The "selfish, abusive and controlling" accusations about Solas I mentioned were in regards to Cole (which is totally nonsensical) and not the romance ... but it wouldn't surprise me if some people project their resentment of him dumping them onto his behavior towards everyone else. I do have my issues with him, but his relationship with Cole easily shows the best of him IMO.
I can't comment on the romance since I've no interest in it, but as a brief aside I'd say that saying "I warned you" isn't really enough to shift the blame on the other person.
And he understands Cole because of his relations with spirits, so he wants what he feels is best for him, but Varric too wants what he thinks is best for him. He saw a spirit become human and feels he should continue down that path, and Soals wants him to embrace what he was meant to be. I feel like the Inquisitor was standing between the 2 men staring at her, waiting for her to pick their side like in a sports game. I feel that the choice should have been Cole's, not mine.
Yeah ... they're both "selfish" in the sense that they have a strong preference for one side of Cole and want to preserve that. Though if anything it was Varric who is "worse" about it in my eyes, so it's odd to me that these people think he is Cole's perfect friend and Solas is the badguy.
Since before his personal quest, we can encourage him to be either more spirit or human, by the time the choice is made, Cole should decided based on how you taught him. If he wanted to be more human because you told him to not kill anyone, to speak normally, talk to the girl... then that's why he's human. If he wants to be more spirit-like, it's because you told him to be himself, kill the man out of mercy, make the girl forget... I always felt there had to be a reason you were given the chance to teach him to be more one way or encourage the other, but nothing ever comes of it. You can even encourage him to keep sneaking around to help people, or consider showing himself. Yet in the end it's the Inquisitor that chooses his fate. It feels wrong.
See, I never really saw any of the scenes with him in that way. The "make him more human" thing in his quest struck me as coming completely out of the blue, and I'm admittedly not a big fan of the way the game presents some of its binary choices or of the way the "influence a companion's personality" cases have been handled in the series. (Hello, Leliana-trainwreck.) In this case, there are some valuable messages that Cole can benefit from no matter what path he takes in the end. Approaching people without startling them is one, as is friends having faith in him even when he stumbles instead of just telling him "don't do this, or that, or that".
Though as I think we discussed before, I agree that the way the choice is presented as it is, is really jarring because it's so disrespectful. He's right there, boys, he can hear you, he needs our support and not us fighting over him.
(Regarding the Inquisitor's reaction to the "odd things" he does -- isn't "you're doing good but you don't need to hide" the only feedback you can give him?)
Most of the time, I figure that since he would go back if he could, Cole's stuck as a physical being, unless someone finds a way to undo it. Since no one, including Cole himself, knows how to send him back, I figure Varric can show him how to make the best of what he's got.
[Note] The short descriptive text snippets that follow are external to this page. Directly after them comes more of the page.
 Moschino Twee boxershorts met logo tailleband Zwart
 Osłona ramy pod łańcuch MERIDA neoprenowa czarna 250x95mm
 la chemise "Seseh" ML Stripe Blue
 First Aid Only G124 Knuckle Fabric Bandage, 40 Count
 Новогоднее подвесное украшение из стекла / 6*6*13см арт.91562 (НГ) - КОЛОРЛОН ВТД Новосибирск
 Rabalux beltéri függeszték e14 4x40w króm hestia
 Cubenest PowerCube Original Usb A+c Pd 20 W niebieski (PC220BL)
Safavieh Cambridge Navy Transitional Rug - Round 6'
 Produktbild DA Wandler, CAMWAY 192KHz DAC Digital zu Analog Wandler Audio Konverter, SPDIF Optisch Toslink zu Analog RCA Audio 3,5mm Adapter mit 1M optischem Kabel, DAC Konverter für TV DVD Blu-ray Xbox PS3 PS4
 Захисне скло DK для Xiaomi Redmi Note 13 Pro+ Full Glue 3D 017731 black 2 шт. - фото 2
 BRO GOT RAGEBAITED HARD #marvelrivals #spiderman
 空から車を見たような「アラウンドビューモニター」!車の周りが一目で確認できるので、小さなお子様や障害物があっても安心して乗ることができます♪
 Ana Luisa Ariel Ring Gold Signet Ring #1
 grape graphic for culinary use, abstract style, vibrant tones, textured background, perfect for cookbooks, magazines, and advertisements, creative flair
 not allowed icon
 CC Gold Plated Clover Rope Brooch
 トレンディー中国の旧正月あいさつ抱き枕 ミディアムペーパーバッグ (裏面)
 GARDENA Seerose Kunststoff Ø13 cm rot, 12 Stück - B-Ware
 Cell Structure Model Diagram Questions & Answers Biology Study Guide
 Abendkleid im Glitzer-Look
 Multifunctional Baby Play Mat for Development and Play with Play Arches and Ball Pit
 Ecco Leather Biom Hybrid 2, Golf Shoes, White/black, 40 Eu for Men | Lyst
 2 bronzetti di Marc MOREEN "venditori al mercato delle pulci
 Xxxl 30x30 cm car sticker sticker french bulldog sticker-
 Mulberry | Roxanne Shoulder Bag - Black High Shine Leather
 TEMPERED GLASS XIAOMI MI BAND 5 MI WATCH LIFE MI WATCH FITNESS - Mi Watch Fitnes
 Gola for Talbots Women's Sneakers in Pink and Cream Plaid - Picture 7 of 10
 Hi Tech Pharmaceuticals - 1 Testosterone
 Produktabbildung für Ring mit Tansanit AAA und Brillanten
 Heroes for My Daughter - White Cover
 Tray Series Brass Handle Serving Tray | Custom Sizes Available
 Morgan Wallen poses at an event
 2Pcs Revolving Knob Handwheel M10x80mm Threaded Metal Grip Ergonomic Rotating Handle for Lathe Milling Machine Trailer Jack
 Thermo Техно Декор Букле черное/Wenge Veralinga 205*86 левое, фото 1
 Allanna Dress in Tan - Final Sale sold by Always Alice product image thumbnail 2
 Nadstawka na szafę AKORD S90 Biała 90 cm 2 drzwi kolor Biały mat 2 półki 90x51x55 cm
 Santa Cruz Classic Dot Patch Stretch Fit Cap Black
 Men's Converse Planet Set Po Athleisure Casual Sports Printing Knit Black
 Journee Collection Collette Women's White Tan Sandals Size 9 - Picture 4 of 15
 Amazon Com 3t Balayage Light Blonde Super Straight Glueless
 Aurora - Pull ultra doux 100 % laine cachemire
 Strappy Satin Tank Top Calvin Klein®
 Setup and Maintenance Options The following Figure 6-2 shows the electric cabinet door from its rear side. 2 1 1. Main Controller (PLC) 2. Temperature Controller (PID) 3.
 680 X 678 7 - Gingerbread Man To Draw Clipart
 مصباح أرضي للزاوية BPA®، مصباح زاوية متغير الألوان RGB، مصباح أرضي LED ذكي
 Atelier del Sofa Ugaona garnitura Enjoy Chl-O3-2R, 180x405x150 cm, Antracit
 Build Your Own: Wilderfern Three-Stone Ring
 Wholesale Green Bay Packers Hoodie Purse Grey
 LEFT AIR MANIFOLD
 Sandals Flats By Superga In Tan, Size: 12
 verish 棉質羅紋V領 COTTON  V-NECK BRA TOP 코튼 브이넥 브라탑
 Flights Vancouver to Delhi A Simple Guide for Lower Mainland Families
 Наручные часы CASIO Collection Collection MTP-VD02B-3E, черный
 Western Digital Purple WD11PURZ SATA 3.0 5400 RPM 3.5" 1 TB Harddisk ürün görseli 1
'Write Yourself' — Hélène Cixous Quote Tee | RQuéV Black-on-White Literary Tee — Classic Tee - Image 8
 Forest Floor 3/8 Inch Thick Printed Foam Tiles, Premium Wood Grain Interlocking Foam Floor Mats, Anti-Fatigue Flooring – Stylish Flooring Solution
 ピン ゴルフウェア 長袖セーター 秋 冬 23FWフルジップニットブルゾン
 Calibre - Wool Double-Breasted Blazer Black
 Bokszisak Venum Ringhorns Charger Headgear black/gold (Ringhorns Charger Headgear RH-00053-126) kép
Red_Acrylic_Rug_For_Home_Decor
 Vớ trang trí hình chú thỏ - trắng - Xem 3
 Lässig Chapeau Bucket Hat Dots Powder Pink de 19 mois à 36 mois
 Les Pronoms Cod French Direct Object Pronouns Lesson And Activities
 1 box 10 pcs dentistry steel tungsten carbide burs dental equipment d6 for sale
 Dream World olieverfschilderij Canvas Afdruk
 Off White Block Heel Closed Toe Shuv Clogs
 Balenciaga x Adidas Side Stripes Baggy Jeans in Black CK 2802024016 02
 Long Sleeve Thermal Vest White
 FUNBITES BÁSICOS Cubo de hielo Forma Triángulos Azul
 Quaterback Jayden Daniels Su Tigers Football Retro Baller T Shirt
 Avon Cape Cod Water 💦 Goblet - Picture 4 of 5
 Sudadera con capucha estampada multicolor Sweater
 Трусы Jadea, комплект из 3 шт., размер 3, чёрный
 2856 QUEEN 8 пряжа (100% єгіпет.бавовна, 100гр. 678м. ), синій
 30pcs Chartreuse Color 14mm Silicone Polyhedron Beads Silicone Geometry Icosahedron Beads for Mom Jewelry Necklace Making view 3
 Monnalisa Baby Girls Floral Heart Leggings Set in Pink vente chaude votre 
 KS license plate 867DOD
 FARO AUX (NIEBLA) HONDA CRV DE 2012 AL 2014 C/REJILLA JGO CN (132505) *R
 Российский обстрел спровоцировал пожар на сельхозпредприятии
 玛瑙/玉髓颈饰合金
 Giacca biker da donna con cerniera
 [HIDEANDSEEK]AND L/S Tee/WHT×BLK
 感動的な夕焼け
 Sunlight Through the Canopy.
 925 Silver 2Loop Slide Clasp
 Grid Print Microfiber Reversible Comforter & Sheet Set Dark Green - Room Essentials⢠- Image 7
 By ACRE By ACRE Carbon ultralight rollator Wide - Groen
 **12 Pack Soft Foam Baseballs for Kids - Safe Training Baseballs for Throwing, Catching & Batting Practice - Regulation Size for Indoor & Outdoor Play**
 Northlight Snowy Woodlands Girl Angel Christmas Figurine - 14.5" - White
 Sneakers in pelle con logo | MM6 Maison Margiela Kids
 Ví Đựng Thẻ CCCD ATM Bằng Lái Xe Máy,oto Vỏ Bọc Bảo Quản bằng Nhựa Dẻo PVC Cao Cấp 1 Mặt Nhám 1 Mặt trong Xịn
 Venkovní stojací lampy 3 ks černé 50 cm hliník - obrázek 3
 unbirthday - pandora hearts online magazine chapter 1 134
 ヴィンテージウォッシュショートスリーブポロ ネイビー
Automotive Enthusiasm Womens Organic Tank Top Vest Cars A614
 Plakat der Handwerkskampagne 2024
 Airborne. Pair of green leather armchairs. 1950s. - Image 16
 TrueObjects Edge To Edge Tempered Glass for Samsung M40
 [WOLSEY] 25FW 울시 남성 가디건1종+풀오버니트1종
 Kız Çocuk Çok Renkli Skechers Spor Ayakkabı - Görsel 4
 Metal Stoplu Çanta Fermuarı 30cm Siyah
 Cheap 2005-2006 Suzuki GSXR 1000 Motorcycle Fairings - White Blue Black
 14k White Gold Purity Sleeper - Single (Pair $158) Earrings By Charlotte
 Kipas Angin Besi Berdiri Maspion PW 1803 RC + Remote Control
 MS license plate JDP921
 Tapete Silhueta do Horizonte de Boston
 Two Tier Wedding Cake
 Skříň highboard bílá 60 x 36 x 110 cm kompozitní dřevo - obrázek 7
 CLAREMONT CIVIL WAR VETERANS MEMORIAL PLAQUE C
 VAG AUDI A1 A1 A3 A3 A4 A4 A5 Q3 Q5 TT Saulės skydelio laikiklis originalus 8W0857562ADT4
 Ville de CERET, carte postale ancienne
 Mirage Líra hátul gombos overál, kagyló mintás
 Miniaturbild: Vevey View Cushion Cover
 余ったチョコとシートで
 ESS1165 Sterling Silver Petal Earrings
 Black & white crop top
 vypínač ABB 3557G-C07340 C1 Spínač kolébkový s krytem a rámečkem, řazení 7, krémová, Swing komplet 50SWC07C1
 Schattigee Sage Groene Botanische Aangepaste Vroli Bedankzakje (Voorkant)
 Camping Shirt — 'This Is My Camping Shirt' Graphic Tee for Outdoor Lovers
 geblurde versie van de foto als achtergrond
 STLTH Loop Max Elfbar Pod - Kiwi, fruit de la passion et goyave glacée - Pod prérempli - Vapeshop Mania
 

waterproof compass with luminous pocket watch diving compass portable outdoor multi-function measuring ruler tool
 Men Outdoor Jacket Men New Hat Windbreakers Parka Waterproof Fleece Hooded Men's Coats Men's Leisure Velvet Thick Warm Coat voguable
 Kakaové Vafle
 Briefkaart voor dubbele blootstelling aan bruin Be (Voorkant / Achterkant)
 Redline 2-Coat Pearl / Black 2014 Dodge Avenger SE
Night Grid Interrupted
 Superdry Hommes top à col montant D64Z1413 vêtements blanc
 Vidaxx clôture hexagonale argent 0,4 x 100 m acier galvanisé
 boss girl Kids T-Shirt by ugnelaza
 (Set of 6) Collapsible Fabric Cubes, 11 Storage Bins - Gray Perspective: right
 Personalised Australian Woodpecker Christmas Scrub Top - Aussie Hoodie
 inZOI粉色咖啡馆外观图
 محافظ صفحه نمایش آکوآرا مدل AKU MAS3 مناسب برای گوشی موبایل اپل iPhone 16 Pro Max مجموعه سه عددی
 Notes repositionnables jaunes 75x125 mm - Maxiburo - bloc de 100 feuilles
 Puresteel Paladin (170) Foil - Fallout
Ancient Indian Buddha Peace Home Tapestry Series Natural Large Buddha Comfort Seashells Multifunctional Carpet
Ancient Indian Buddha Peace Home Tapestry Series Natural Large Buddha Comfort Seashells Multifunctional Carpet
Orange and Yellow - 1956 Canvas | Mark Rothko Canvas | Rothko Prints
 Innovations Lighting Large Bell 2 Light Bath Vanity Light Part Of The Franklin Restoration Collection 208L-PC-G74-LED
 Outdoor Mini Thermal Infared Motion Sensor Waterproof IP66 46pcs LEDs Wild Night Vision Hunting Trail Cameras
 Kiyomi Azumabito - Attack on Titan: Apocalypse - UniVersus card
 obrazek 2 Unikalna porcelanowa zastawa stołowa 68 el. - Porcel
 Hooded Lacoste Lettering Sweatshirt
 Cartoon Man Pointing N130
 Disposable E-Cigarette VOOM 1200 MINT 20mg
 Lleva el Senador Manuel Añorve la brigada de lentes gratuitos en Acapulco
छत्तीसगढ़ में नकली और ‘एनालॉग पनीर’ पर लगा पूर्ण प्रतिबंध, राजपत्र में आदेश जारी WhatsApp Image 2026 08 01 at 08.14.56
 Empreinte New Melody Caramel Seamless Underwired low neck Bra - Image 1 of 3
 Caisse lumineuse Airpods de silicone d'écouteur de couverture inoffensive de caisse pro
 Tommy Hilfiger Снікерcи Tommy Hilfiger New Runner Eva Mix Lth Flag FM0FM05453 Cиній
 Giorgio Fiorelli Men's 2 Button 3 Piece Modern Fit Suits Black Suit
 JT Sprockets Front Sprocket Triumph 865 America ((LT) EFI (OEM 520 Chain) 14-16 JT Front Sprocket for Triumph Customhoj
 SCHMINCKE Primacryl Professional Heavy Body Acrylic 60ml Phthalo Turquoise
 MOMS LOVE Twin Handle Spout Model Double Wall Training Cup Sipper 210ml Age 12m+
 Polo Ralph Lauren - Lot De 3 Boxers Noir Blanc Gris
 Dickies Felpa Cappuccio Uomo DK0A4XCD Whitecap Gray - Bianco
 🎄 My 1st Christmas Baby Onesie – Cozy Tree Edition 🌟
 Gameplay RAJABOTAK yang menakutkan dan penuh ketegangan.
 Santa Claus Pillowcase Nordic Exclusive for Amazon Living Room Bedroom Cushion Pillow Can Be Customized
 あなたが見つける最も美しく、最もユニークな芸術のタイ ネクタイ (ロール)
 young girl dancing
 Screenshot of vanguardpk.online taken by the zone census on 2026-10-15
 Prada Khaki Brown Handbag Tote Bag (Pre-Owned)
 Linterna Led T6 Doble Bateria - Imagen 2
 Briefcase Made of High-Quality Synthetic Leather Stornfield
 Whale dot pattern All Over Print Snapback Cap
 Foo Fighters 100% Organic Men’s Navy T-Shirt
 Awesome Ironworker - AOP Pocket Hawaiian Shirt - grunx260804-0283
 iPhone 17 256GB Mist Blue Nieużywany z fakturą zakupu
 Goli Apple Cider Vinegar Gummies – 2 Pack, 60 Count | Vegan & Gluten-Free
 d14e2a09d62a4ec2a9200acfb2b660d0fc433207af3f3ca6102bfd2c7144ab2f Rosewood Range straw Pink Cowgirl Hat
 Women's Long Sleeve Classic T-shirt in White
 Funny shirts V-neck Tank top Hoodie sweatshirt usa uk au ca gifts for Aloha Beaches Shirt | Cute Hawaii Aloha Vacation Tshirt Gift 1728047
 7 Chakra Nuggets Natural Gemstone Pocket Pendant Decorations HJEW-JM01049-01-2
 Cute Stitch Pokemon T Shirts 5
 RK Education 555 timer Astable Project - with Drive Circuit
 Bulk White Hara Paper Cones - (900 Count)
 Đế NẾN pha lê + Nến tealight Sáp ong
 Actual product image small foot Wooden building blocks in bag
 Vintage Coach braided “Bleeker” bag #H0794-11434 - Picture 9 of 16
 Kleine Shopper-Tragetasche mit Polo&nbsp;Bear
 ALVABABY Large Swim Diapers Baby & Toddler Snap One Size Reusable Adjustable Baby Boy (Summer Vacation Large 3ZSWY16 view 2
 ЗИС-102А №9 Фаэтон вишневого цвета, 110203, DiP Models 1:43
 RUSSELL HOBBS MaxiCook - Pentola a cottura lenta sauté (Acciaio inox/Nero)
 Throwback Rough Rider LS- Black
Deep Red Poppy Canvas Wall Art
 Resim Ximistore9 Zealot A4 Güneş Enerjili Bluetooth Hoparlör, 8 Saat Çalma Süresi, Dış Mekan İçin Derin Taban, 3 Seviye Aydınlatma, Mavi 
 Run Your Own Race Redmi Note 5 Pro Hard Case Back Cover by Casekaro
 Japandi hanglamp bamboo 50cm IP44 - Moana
Solas can go back, anytime he wants, so it's easy for him to offer advice. He can't show Cole how to live in the world he's going to continuously alienate himself from, though.
Cole can return to the Fade on the spirit-path, and mentions it with relief and joy, but still decides to stay. The fact that he has that option is one reason why I prefer this choice. You raise an interesting point, though, and now that I think about it, it is something that should probably have been discussed at some point because "spirit unhappily stuck in the physical world" is a recipe for bad news. Maybe Solas with all his knowledge of spirits realized that Cole is still quite badly hurt from his past and its mistakes (which is pretty damn obvious after all, though the underlying cause i.e. the original Cole's death is not) and needs time and support to heal from it, at which point the ability to return to the Fade if he so desires would hopefully come back to him?